**What you should do**
Give back exactly the lines that start at the one containing "Photo of property" and run to the end of the material, leaving out the pictures.

**Information supplied**

=== Section Start ===

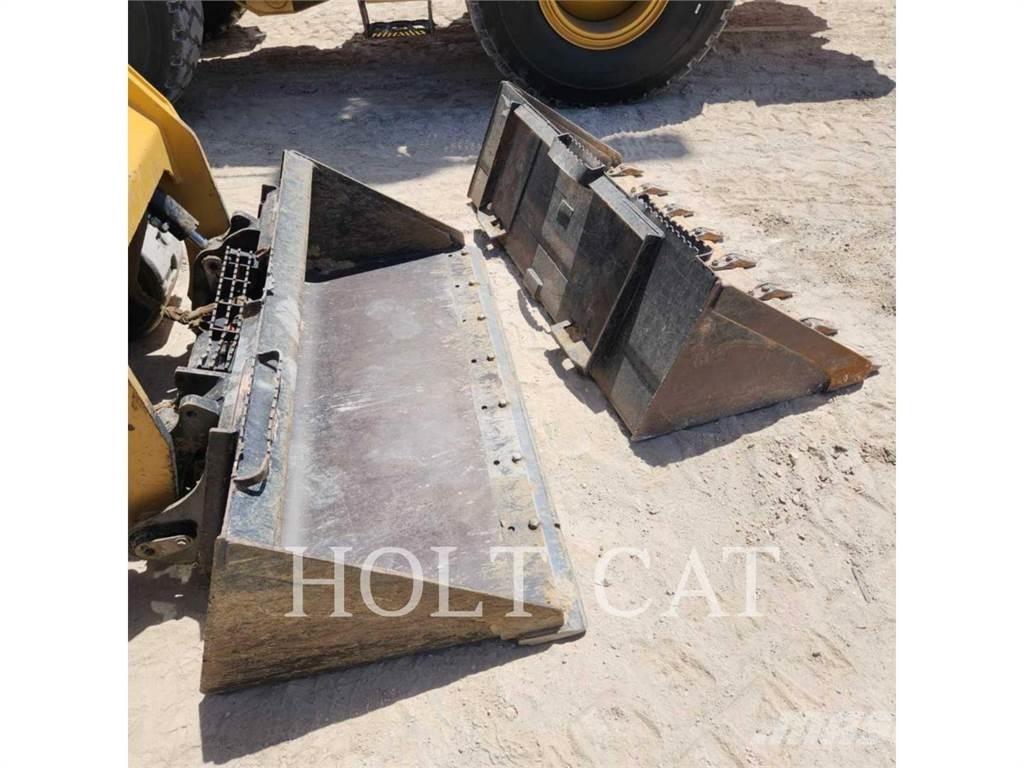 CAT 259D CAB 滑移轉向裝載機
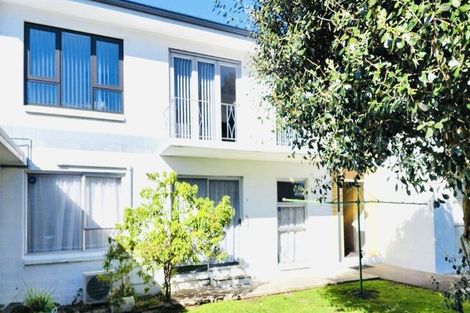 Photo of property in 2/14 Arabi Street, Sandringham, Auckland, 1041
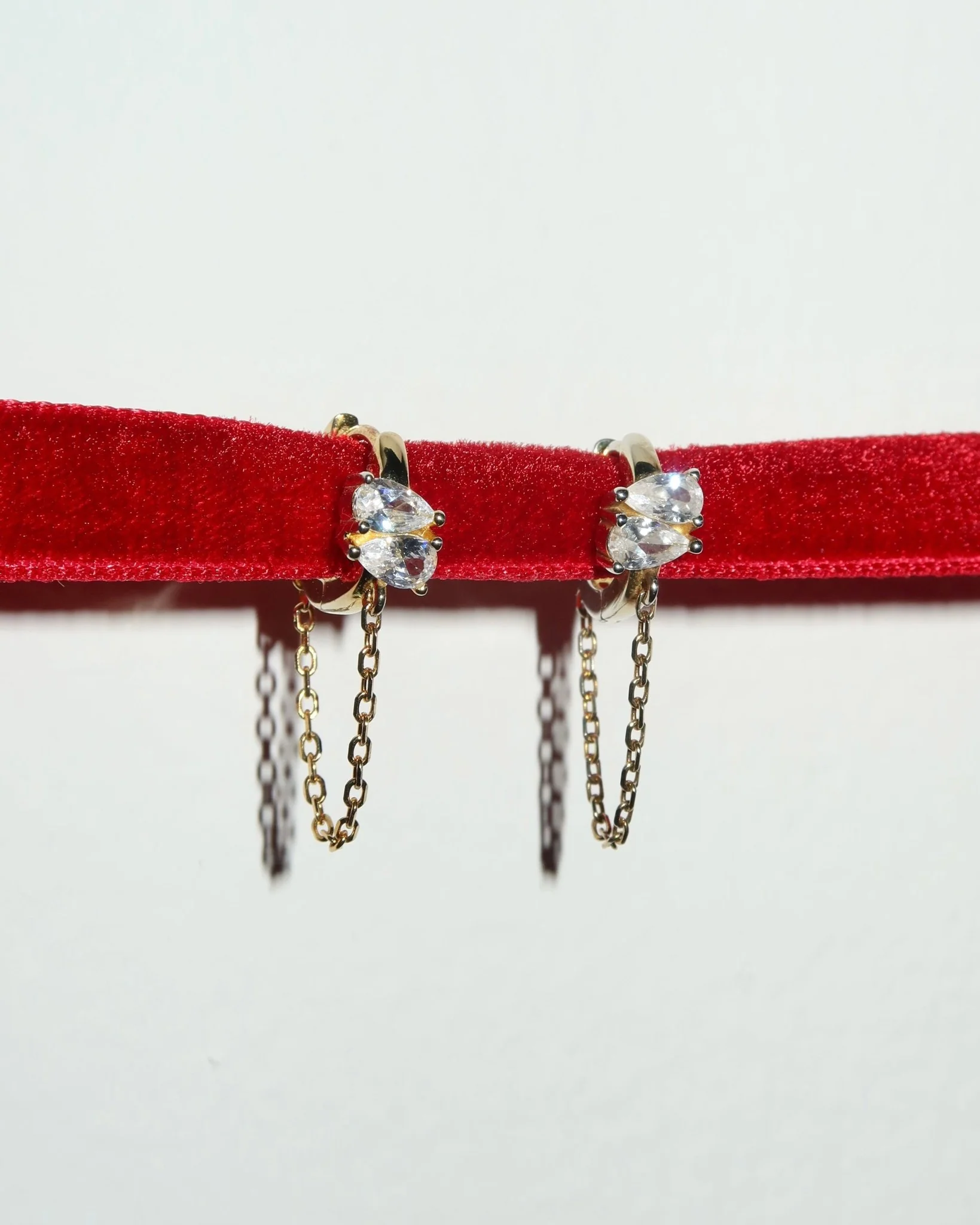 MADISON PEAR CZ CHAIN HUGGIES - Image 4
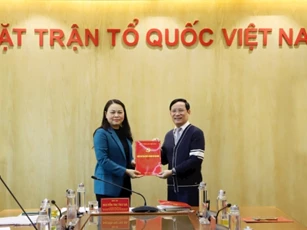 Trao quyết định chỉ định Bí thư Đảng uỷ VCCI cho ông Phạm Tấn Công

=== Section End ===

**Reply to the task**
 Photo of property in 2/14 Arabi Street, Sandringham, Auckland, 1041
 MADISON PEAR CZ CHAIN HUGGIES - Image 4
 Trao quyết định chỉ định Bí thư Đảng uỷ VCCI cho ông Phạm Tấn Công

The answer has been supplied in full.